Image-caption web data:
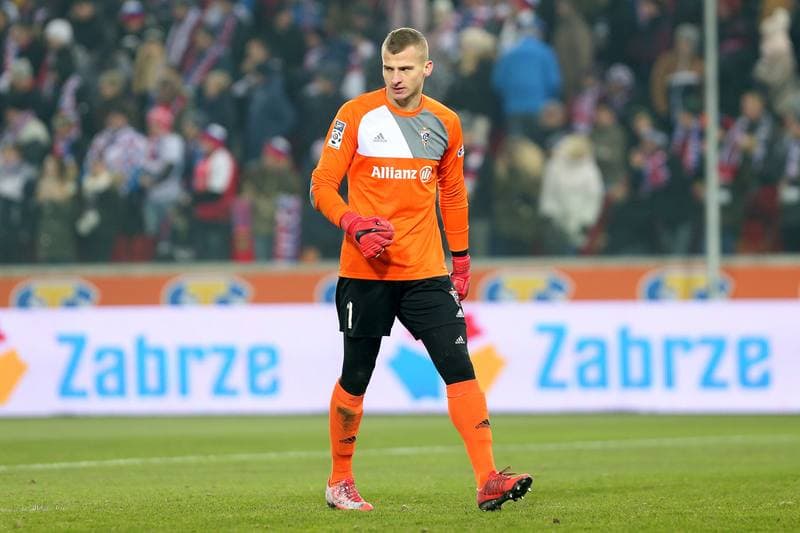 Football. Lotto Ekstraklasa. Gornik Zabrze - Cracovia Krakow. 18.12.2017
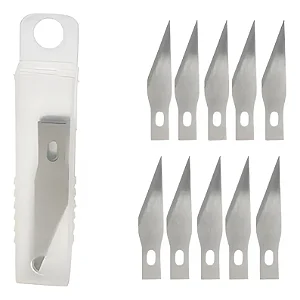 Kit de 10 Lâminas Para Bisturi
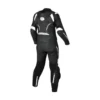 Tuta Divisibile Donna In Pelle Macna Blitz 2pc Nero Bianco
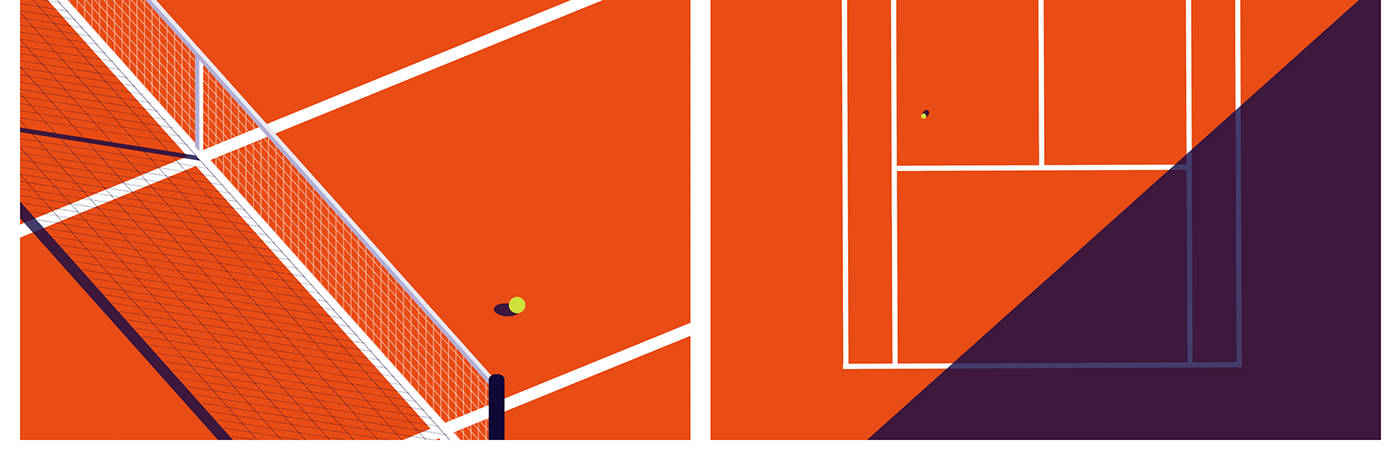 ESPN tennis Web Design  3D Retro vintage minimalist carlos alcaraz New York 28k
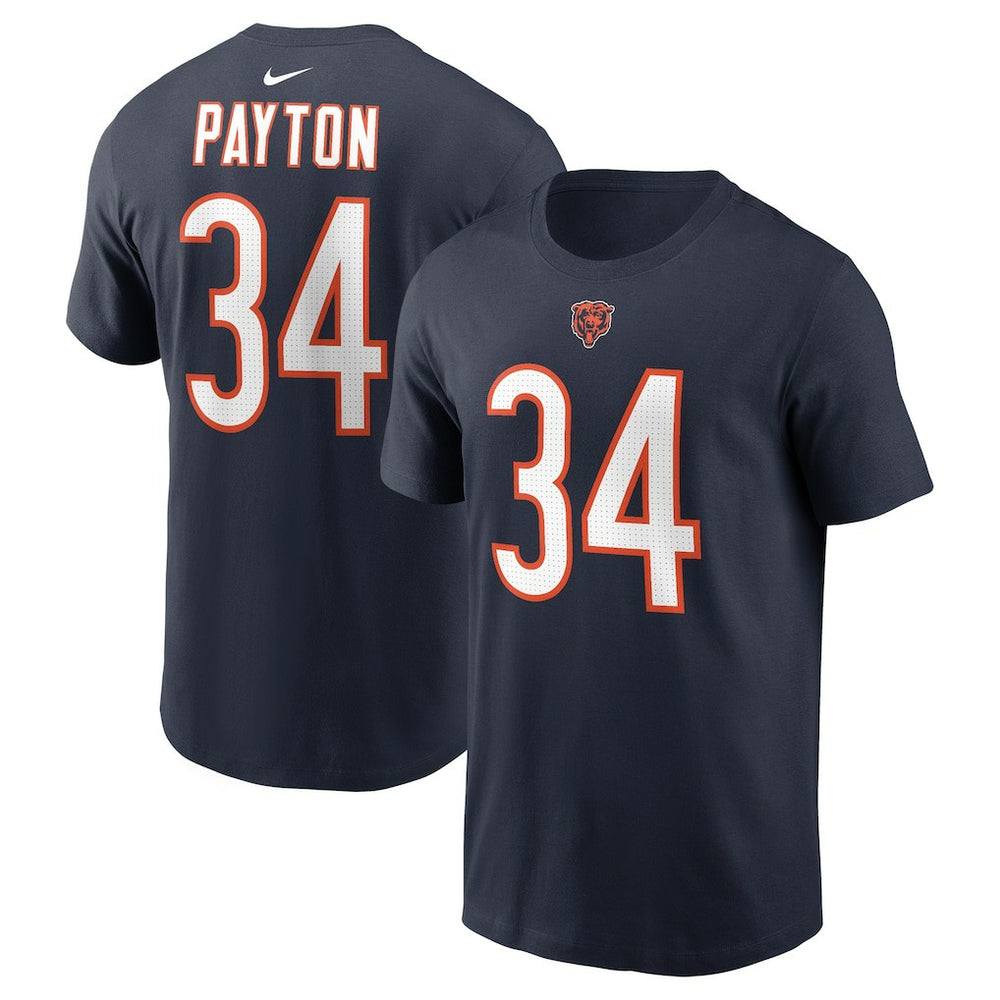 Walter Payton Chicago Bears Retired Player Name & Number T-Shirt Navy
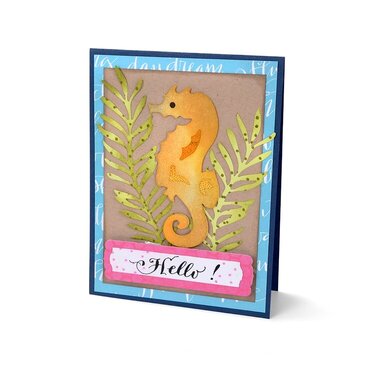 Hello Seahorse Card
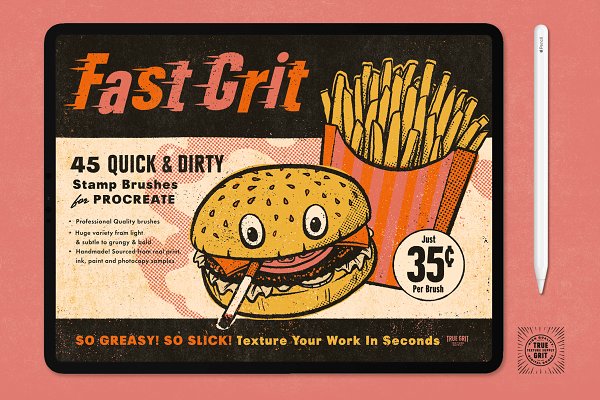 Download Fast Grit for Procreate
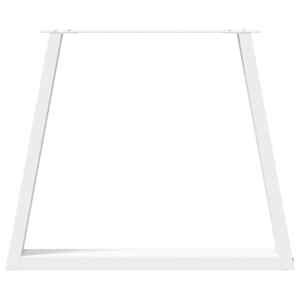 Nohy k jídelnímu stolu ve tvaru V, 2 ks, bílé, 70 x (72-73,3) cm, ocel - obrázek 5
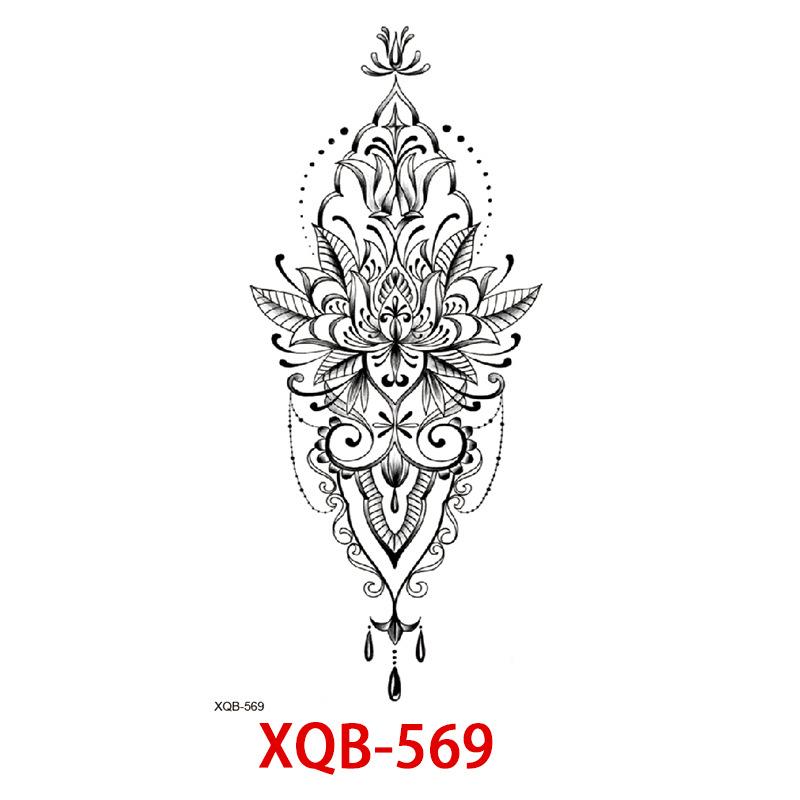 Small Full Arm Tattoo Sticker, Flower Letters, Plain Flower Tattoo Sticker Tattoo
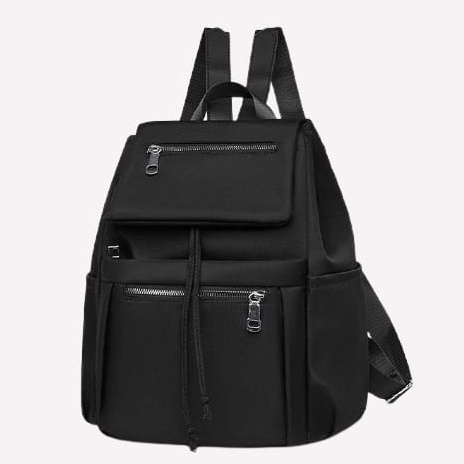 TAS RANSEL WANITA IMPORT ANTI AIR HITAM DUDLEY TA473B5 BACKPACK KOREA BRANDED GENDONG PUNGGUNG CEWEK SEKOLAH KULIAH KERJA BESAR BATAM FASHION KEKINIAN REMAJA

Action item:
For the data above, set down exactly the lines from the line with "Hello Seahorse Card" to the line with "Small Full Arm", both included, leaving pictures out.

Answer for this exercise:
 Hello Seahorse Card
 Download Fast Grit for Procreate
 Nohy k jídelnímu stolu ve tvaru V, 2 ks, bílé, 70 x (72-73,3) cm, ocel - obrázek 5
 Small Full Arm Tattoo Sticker, Flower Letters, Plain Flower Tattoo Sticker Tattoo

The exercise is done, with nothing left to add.